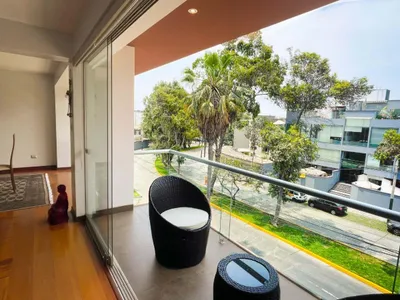 Venta de Departamento en Santiago de Surco - Lima 4 Dormitorios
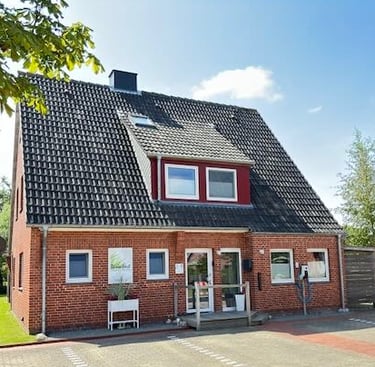 Hotel DunenNest - Hausansicht, Parkplatz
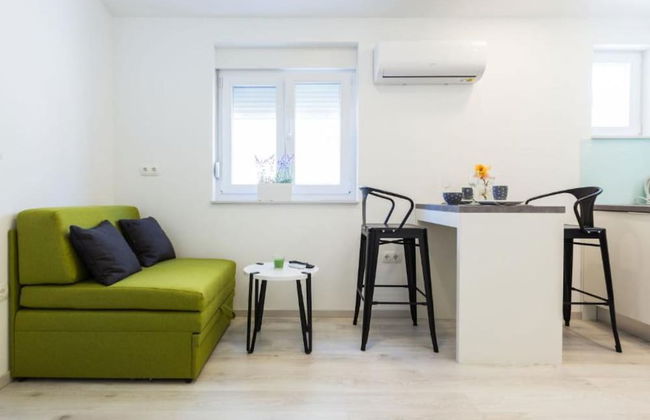 Spacious Two sis Apartments in Zadar With Terrace - Foto 1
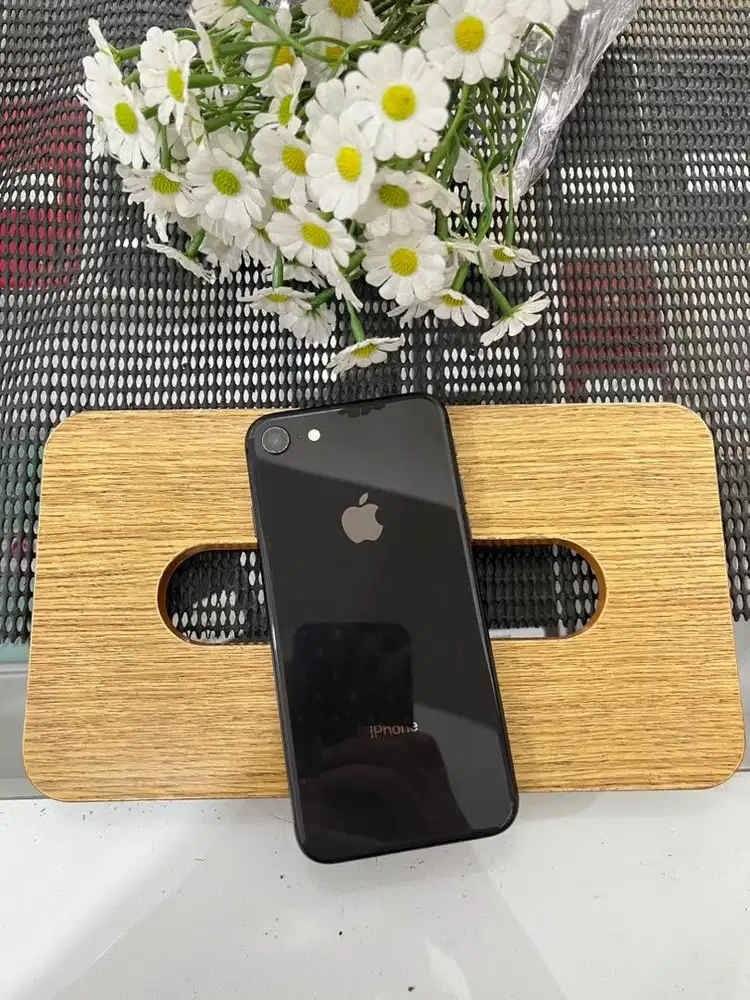 IPHONE 8 64GB INTER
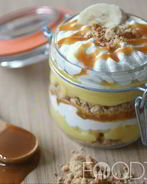 Банановый десерт с карамелью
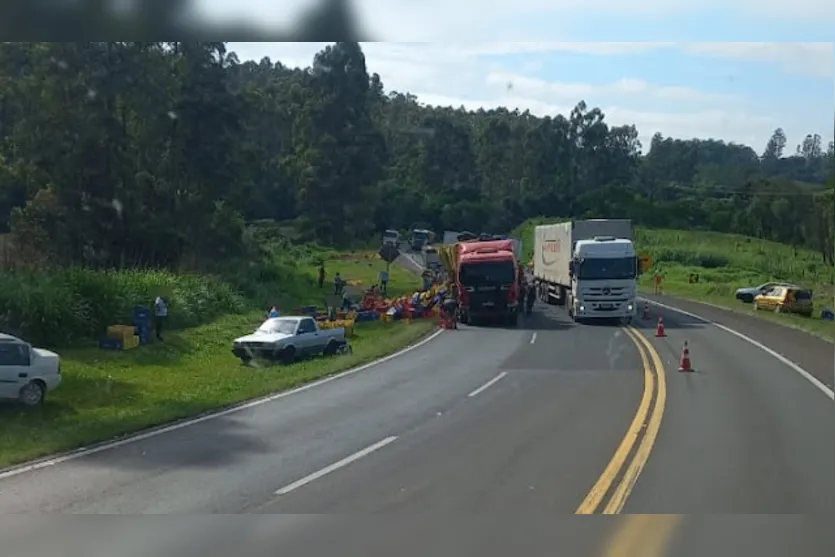 Carga de cerveja é saqueada na BR-376 em Ortigueira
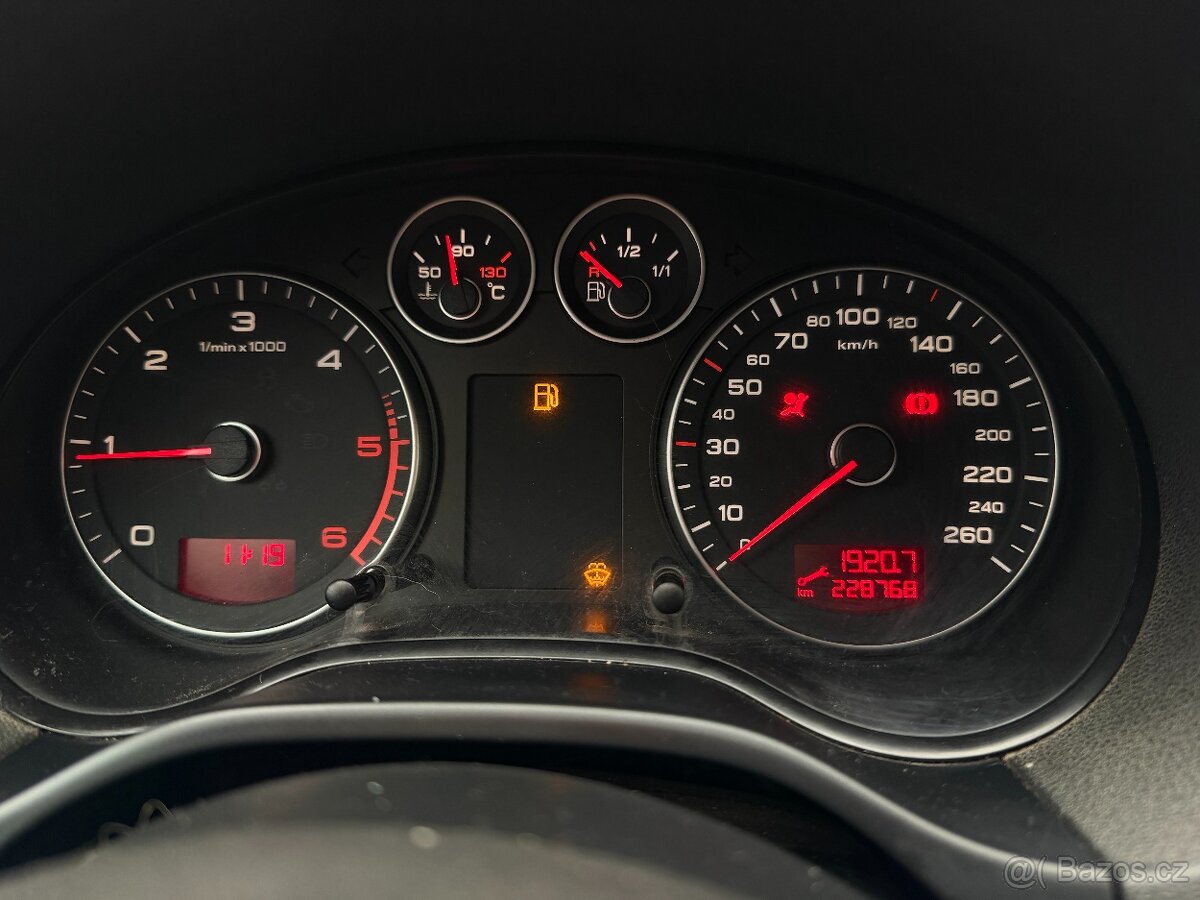 Audi A3 1.9TDi 2010 Klima Tažné - 5
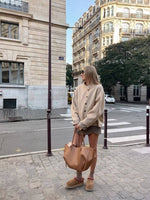 Chic Tote – Stylish Women's Handbag with Ample Storage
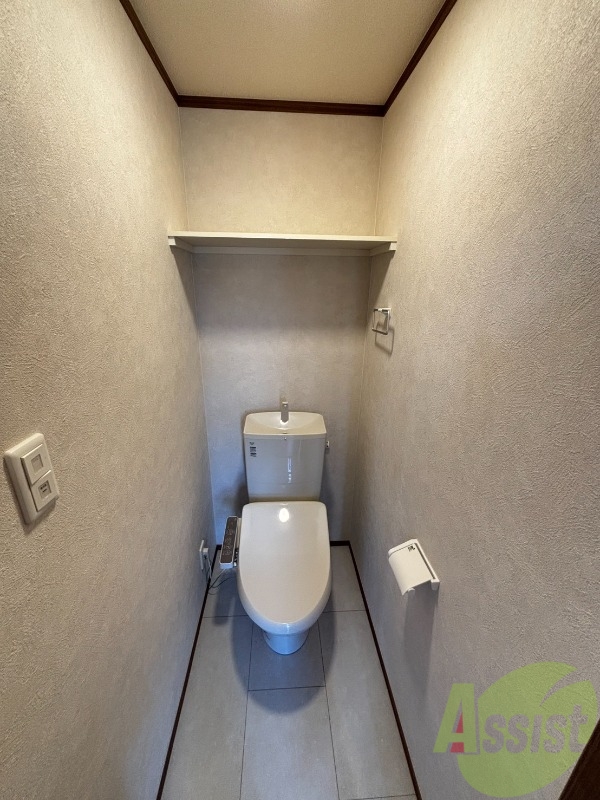 トイレ　トイレはウォシュレット機能付きです。安心して使用できますね。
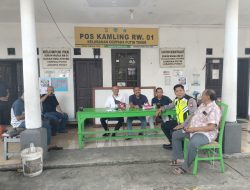 Bripka Nanang Hari Setiawan Memberikan Himbauan Kamtibmas Kepada Warga Cempaka Putih Timur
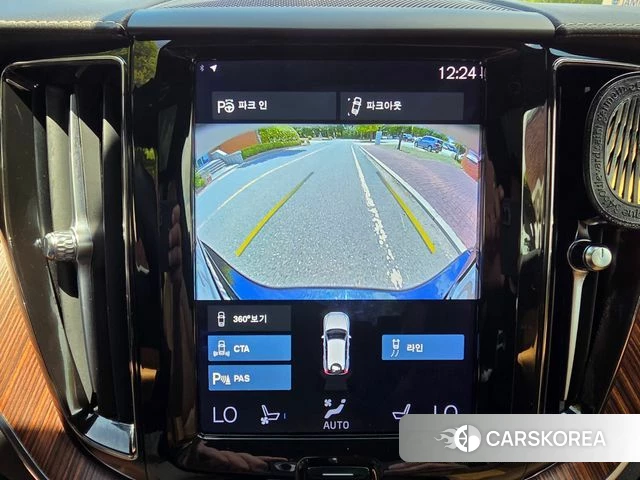 Volvo XC60 second Generation 2021 Черный из Кореи, фото 5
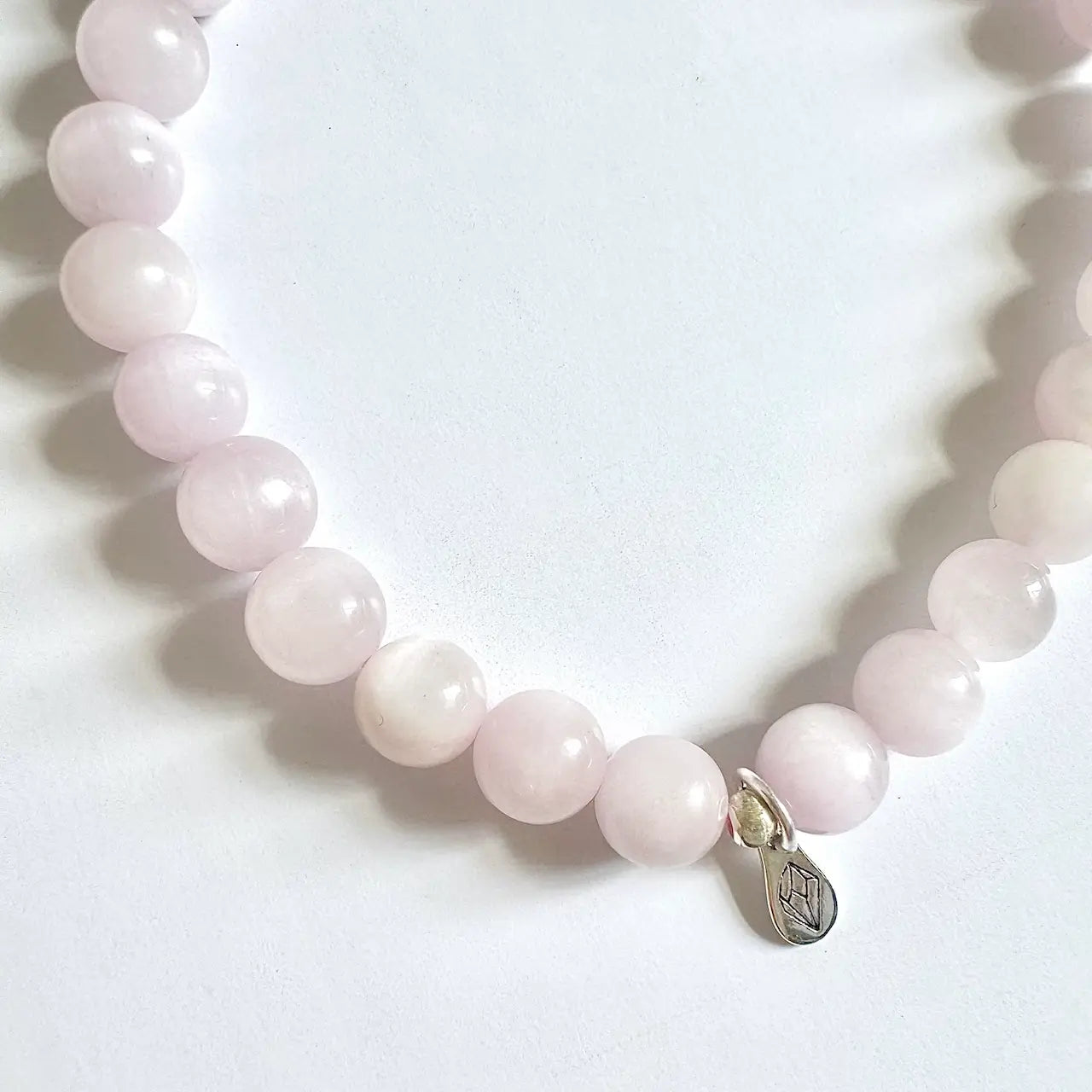 Kunzite Bracelet 6mm - Close-up｜Touch Vintage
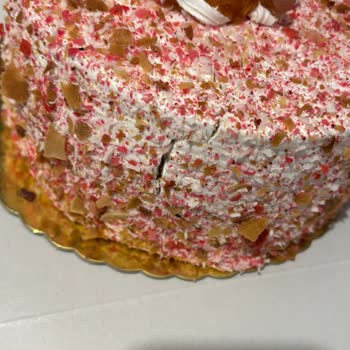 Yanlış Ve Bozuk Pasta, Cevapsız Müşteri Hizmetleri!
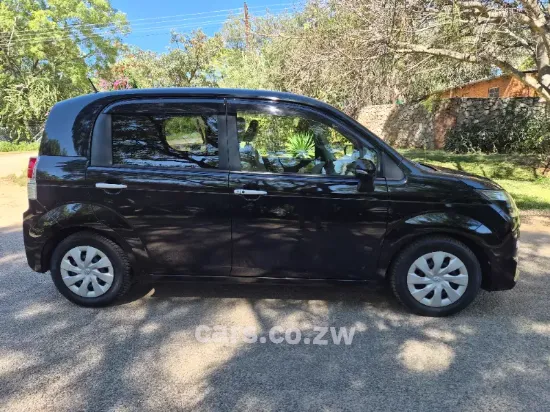 Picture of Toyota Spade 2017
::::
Task requirements
Write out exactly the lines from the line containing "Hotel DunenNest - Hausansicht, Parkplatz" through the last line of the listing above, please, and leave out any pictures.

Written solution
 Hotel DunenNest - Hausansicht, Parkplatz
 Spacious Two sis Apartments in Zadar With Terrace - Foto 1
 IPHONE 8 64GB INTER
 Банановый десерт с карамелью
 Carga de cerveja é saqueada na BR-376 em Ortigueira
 Audi A3 1.9TDi 2010 Klima Tažné - 5
 Chic Tote – Stylish Women's Handbag with Ample Storage
 トイレ　トイレはウォシュレット機能付きです。安心して使用できますね。
 Bripka Nanang Hari Setiawan Memberikan Himbauan Kamtibmas Kepada Warga Cempaka Putih Timur
 Volvo XC60 second Generation 2021 Черный из Кореи, фото 5
 Kunzite Bracelet 6mm - Close-up｜Touch Vintage
 Yanlış Ve Bozuk Pasta, Cevapsız Müşteri Hizmetleri!
 Picture of Toyota Spade 2017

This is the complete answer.